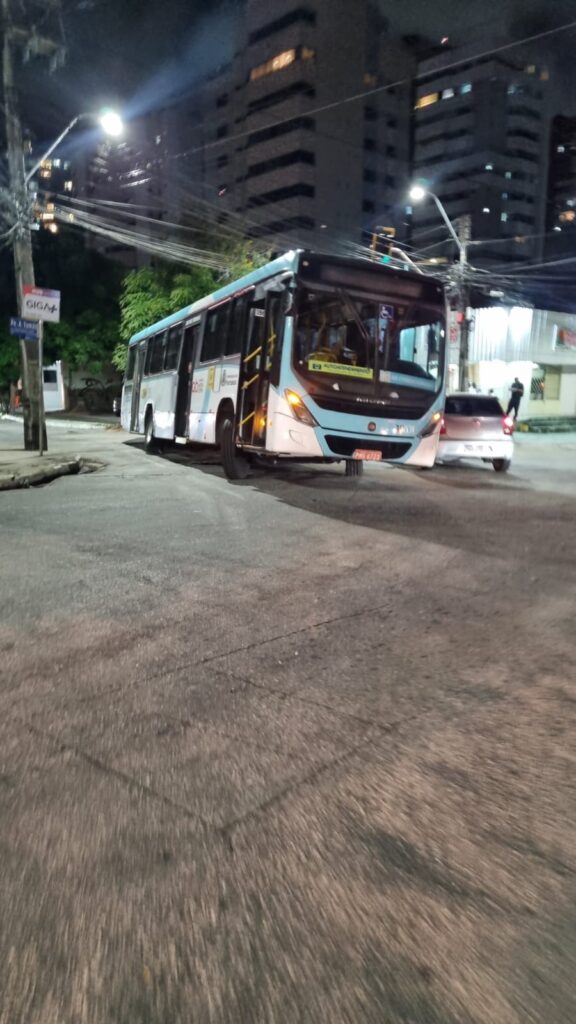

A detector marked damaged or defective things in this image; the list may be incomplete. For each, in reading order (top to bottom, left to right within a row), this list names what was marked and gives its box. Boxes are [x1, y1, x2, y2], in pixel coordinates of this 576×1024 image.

cracked road surface [1, 420, 576, 1020]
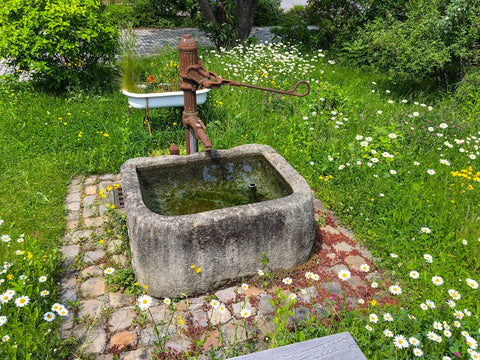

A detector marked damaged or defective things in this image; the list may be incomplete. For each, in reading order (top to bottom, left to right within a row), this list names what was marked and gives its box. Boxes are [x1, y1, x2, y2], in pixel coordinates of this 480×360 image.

rusty hand pump [178, 34, 310, 155]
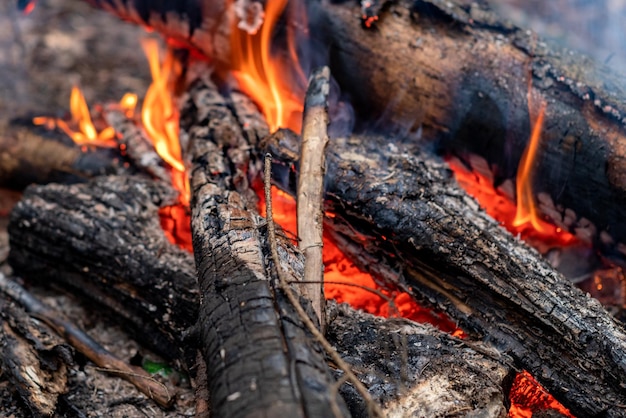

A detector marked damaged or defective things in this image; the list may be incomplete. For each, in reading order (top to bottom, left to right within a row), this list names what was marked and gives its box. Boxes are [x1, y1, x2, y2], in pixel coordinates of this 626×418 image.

burnt wood texture [6, 176, 197, 366]
burnt wood texture [320, 135, 624, 418]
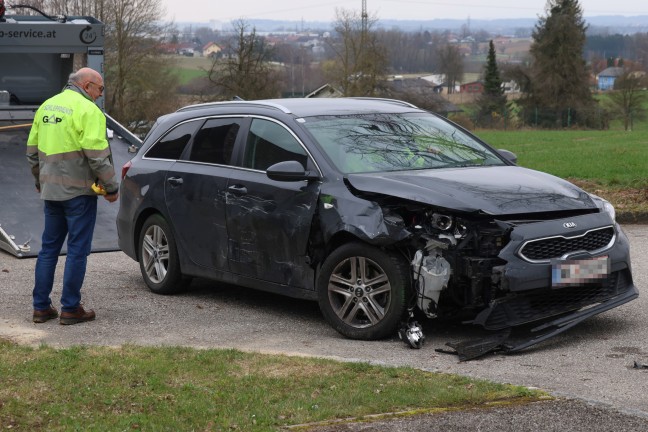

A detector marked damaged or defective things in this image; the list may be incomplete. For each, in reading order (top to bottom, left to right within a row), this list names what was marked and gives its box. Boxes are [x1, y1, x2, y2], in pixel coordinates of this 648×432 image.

damaged dark grey car [116, 99, 636, 356]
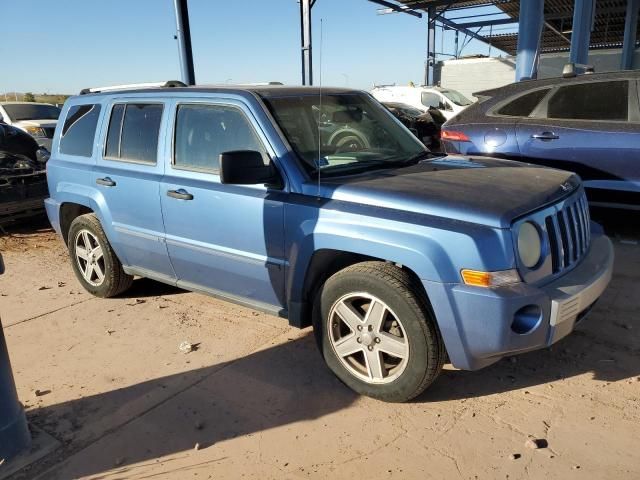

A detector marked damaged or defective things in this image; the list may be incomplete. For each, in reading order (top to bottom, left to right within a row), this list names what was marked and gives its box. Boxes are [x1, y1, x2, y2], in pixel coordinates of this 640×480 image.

cracked asphalt [1, 214, 640, 480]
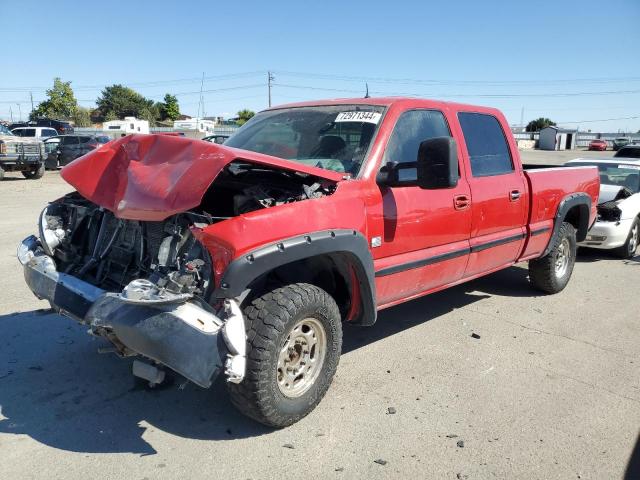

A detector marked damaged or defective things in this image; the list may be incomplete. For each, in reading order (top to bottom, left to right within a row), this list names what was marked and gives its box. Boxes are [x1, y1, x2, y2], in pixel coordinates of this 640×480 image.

crumpled red hood [61, 133, 344, 219]
white car's damaged front [568, 158, 636, 256]
damaged front end [16, 193, 248, 388]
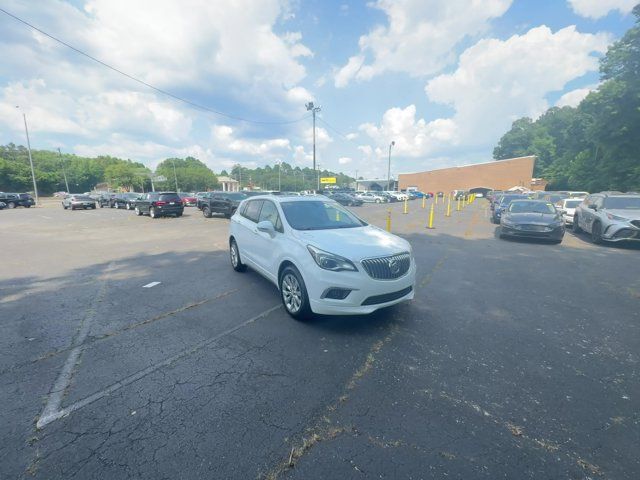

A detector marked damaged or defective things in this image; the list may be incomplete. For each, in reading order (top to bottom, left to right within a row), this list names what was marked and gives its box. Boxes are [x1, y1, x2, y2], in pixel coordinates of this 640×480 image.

cracked pavement [1, 201, 640, 478]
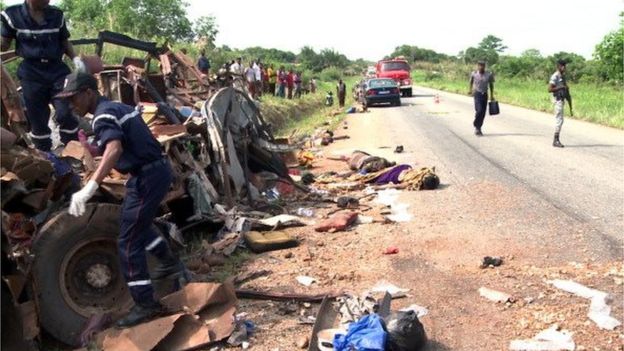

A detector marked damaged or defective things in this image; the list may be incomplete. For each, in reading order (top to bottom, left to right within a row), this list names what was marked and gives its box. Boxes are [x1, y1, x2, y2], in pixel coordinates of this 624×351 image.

wrecked truck [0, 30, 298, 350]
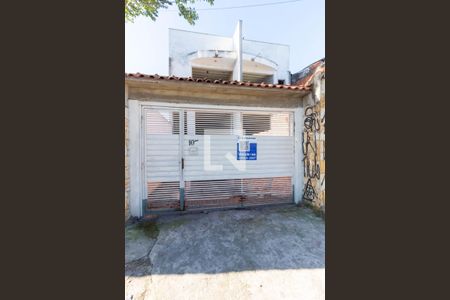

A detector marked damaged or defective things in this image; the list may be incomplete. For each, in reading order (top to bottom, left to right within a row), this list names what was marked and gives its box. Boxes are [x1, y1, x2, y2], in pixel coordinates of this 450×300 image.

cracked concrete pavement [125, 206, 326, 300]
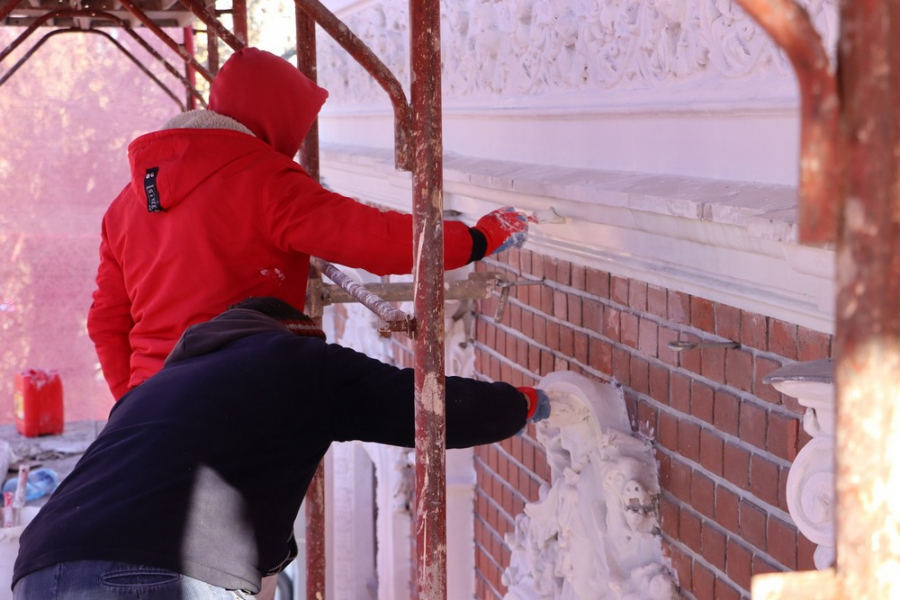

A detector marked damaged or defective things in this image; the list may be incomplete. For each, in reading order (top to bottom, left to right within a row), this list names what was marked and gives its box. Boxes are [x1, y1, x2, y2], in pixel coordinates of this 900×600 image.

rusty metal pole [294, 9, 326, 600]
rusty metal pole [410, 1, 448, 600]
rusty metal pole [832, 1, 900, 596]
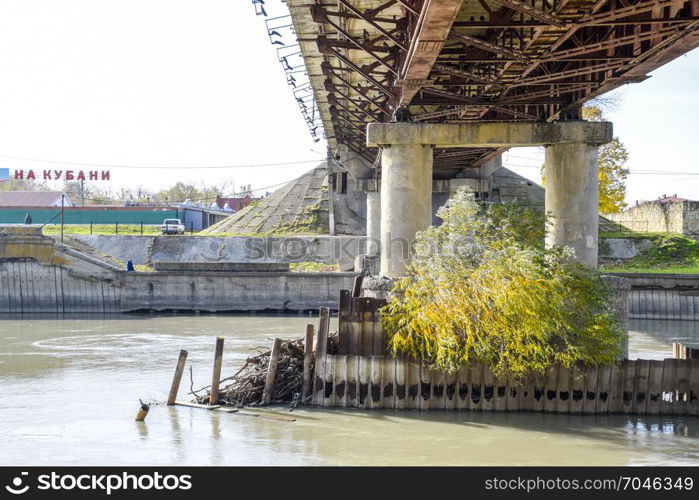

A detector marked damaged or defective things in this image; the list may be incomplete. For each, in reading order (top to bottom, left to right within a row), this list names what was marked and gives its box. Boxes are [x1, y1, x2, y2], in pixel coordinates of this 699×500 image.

rusty understructure [282, 0, 696, 176]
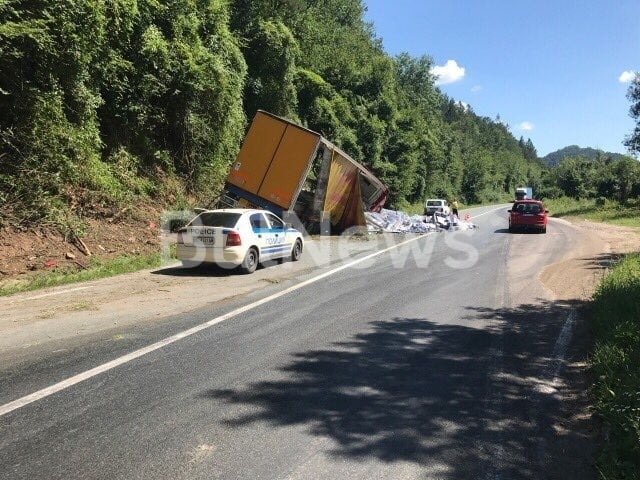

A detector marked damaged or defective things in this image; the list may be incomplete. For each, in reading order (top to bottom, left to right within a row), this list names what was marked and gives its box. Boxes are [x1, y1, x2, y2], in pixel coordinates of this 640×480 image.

overturned truck trailer [220, 111, 390, 234]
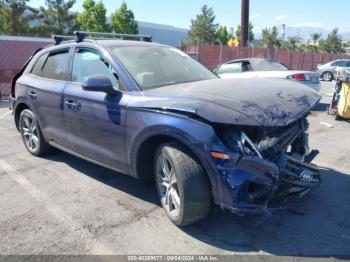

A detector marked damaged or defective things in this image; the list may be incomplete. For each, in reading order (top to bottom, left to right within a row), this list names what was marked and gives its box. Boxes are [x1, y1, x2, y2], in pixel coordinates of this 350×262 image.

damaged front end [213, 117, 320, 214]
crumpled front bumper [213, 150, 320, 214]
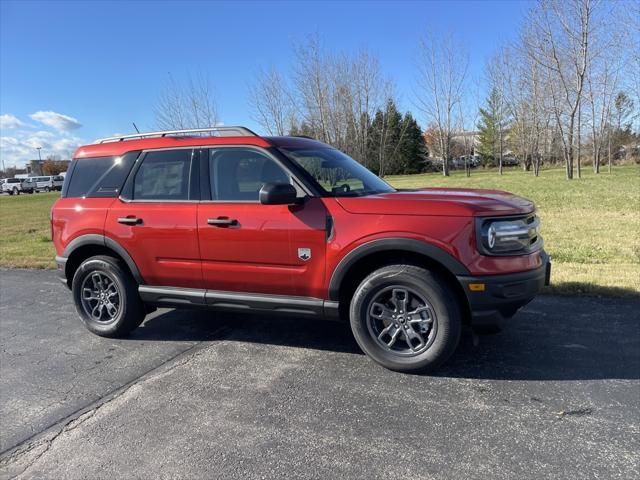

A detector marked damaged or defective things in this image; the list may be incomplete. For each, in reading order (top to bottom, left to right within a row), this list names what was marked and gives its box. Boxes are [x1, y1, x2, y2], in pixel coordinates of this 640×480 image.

crack in pavement [0, 324, 230, 478]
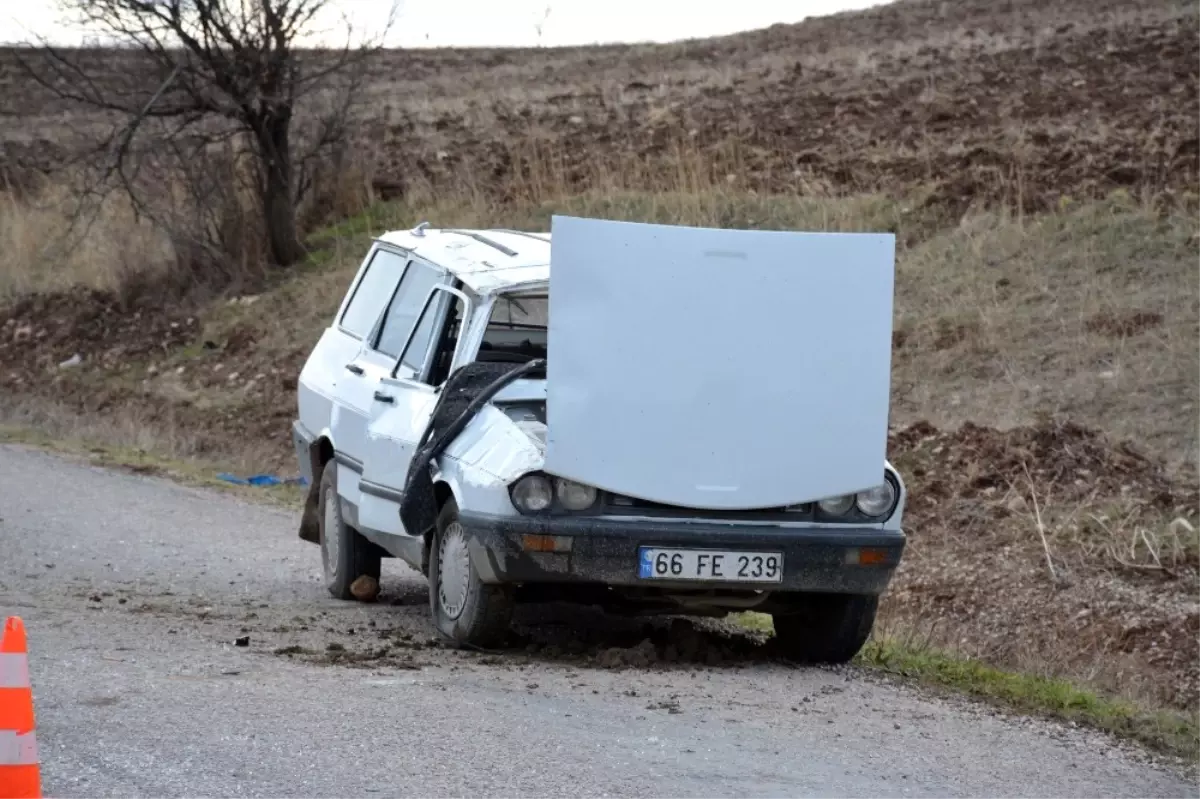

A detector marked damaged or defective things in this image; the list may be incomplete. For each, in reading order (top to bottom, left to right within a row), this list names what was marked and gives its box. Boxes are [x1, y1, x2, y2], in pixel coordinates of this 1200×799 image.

damaged car door [354, 282, 472, 552]
crashed white car [292, 217, 908, 664]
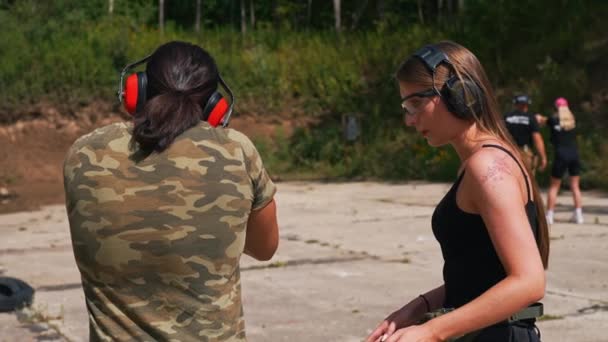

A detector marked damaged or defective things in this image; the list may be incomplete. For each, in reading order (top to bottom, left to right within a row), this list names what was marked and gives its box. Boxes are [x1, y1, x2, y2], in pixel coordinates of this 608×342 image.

cracked concrete slab [1, 183, 608, 340]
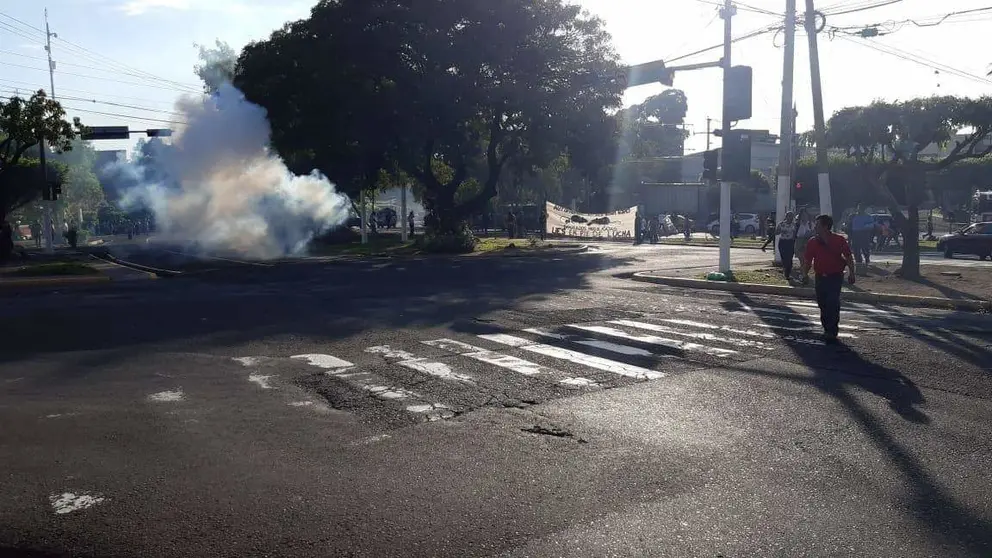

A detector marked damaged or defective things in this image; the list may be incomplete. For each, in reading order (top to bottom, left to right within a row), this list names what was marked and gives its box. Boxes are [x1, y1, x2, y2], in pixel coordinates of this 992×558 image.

cracked asphalt road [1, 246, 992, 558]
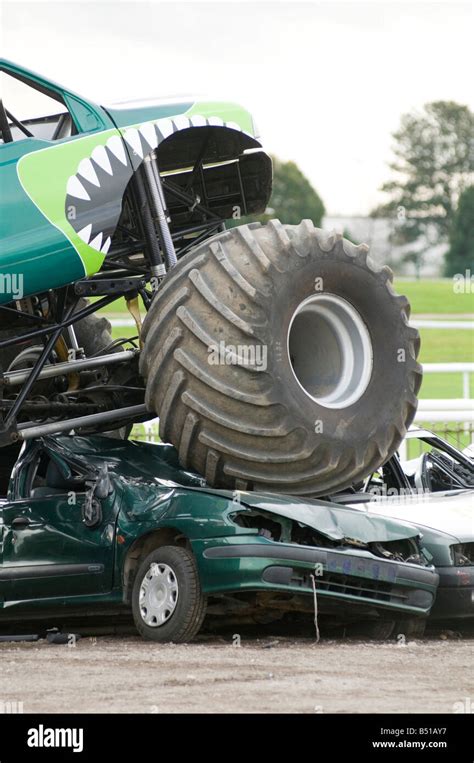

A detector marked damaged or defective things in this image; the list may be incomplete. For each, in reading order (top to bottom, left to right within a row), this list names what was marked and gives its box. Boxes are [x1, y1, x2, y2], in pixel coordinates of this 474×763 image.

crushed green car [0, 432, 438, 640]
crumpled front bumper [192, 540, 436, 616]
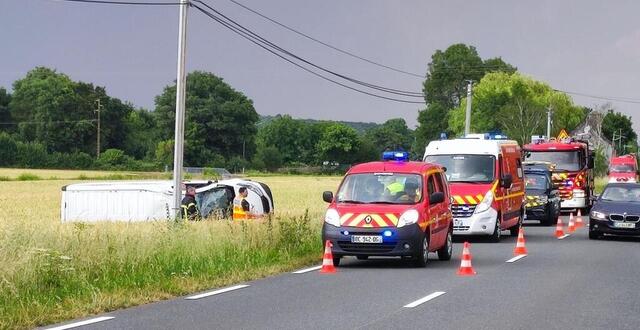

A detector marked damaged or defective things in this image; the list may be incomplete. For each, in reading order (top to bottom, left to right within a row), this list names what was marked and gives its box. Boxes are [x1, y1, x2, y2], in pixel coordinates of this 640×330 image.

overturned white van [60, 179, 278, 223]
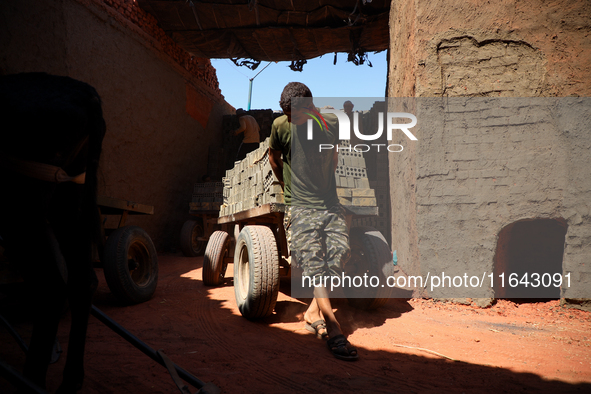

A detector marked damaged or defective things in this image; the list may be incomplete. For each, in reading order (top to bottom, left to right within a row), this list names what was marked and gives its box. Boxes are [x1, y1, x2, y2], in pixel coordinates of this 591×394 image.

cracked earthen wall [0, 0, 234, 249]
cracked earthen wall [388, 0, 591, 298]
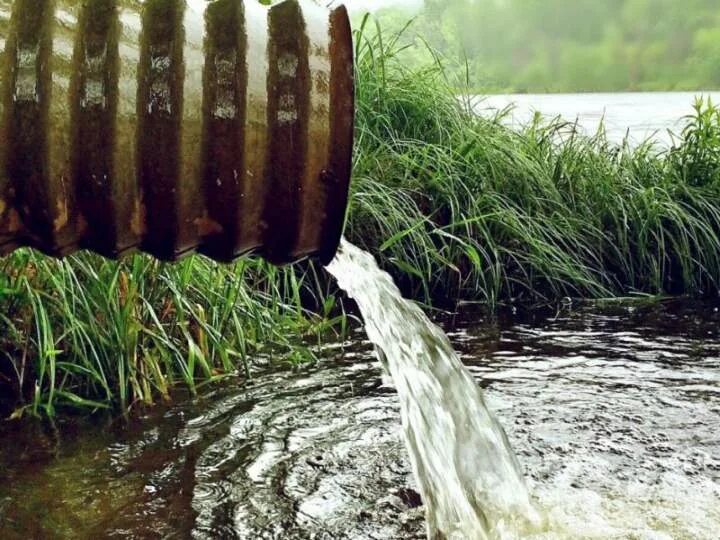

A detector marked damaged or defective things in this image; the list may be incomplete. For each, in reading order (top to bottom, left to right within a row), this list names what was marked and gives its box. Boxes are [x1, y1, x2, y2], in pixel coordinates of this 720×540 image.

rusty pipe [0, 0, 352, 266]
rust stain on pipe [0, 0, 354, 266]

-----

DIRECTIONS: Set down the line containing "this 992×558 image." and every line after it up to the end of the material, exactly as written, but not the pictures.

TASK ANSWER:
A detector marked damaged or defective things in this image; the list may be incomplete. For each, in reading order (top to bottom, left to right within a row), this list names what was marked and gives its box. Boxes are [x1, y1, x2, y2], in pixel coordinates of this 992×558 image.

cracked asphalt road [1, 246, 992, 558]

A detector marked damaged or defective things in this image; the list may be incomplete. For each, in reading order (top to bottom, left to right within a row), this list names what was marked and gives its box. Boxes are [x1, y1, x2, y2], in pixel coordinates of this 474×763 image.

crushed green car [0, 432, 438, 640]
crumpled front bumper [192, 540, 436, 616]

A detector marked damaged or defective things in this image; the list may be incomplete. For each, in reading order (top to bottom, left to right within a row), this list names what was marked and gives its box. Boxes are [x1, y1, x2, y2], in pixel coordinates of this 640×330 image.

overturned white van [60, 179, 278, 223]

A detector marked damaged or defective things in this image; the list may be incomplete. For each, in reading order (top to bottom, left to right within a row), this list names what was marked and gives its box. Boxes are [x1, y1, x2, y2], in pixel coordinates of this 591×394 image.

cracked earthen wall [0, 0, 234, 249]
cracked earthen wall [388, 0, 591, 298]

A detector marked damaged or defective things in this image; the list may be incomplete. For each, in reading order (top to bottom, left to right within a row), this list names what was marked and gives its box. Boxes are [x1, y1, x2, y2], in pixel coordinates of this 720×540 image.

rusty pipe [0, 0, 352, 266]
rust stain on pipe [0, 0, 354, 266]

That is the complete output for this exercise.